TASK INPUT:

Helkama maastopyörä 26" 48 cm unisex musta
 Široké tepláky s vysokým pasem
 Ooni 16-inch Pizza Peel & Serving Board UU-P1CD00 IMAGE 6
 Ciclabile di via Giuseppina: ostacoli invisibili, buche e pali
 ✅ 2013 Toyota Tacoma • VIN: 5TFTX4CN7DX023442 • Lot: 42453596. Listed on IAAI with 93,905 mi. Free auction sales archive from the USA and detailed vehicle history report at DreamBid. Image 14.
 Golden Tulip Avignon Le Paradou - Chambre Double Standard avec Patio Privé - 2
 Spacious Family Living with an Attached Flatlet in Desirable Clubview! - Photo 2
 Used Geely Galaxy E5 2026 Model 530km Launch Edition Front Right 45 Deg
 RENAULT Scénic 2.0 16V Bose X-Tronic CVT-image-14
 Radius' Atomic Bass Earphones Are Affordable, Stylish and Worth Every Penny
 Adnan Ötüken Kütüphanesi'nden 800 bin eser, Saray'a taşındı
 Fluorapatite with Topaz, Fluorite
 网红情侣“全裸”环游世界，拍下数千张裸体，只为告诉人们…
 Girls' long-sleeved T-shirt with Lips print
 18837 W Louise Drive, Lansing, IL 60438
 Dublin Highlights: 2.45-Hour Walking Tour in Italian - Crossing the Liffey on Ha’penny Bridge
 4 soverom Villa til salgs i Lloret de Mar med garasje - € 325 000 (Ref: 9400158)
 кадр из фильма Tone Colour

YOUR GOAL:
Write out again every entry above, exactly as given.

RESPONSE BELOW:
Helkama maastopyörä 26" 48 cm unisex musta
 Široké tepláky s vysokým pasem
 Ooni 16-inch Pizza Peel & Serving Board UU-P1CD00 IMAGE 6
 Ciclabile di via Giuseppina: ostacoli invisibili, buche e pali
 ✅ 2013 Toyota Tacoma • VIN: 5TFTX4CN7DX023442 • Lot: 42453596. Listed on IAAI with 93,905 mi. Free auction sales archive from the USA and detailed vehicle history report at DreamBid. Image 14.
 Golden Tulip Avignon Le Paradou - Chambre Double Standard avec Patio Privé - 2
 Spacious Family Living with an Attached Flatlet in Desirable Clubview! - Photo 2
 Used Geely Galaxy E5 2026 Model 530km Launch Edition Front Right 45 Deg
 RENAULT Scénic 2.0 16V Bose X-Tronic CVT-image-14
 Radius' Atomic Bass Earphones Are Affordable, Stylish and Worth Every Penny
 Adnan Ötüken Kütüphanesi'nden 800 bin eser, Saray'a taşındı
 Fluorapatite with Topaz, Fluorite
 网红情侣“全裸”环游世界，拍下数千张裸体，只为告诉人们…
 Girls' long-sleeved T-shirt with Lips print
 18837 W Louise Drive, Lansing, IL 60438
 Dublin Highlights: 2.45-Hour Walking Tour in Italian - Crossing the Liffey on Ha’penny Bridge
 4 soverom Villa til salgs i Lloret de Mar med garasje - € 325 000 (Ref: 9400158)
 кадр из фильма Tone Colour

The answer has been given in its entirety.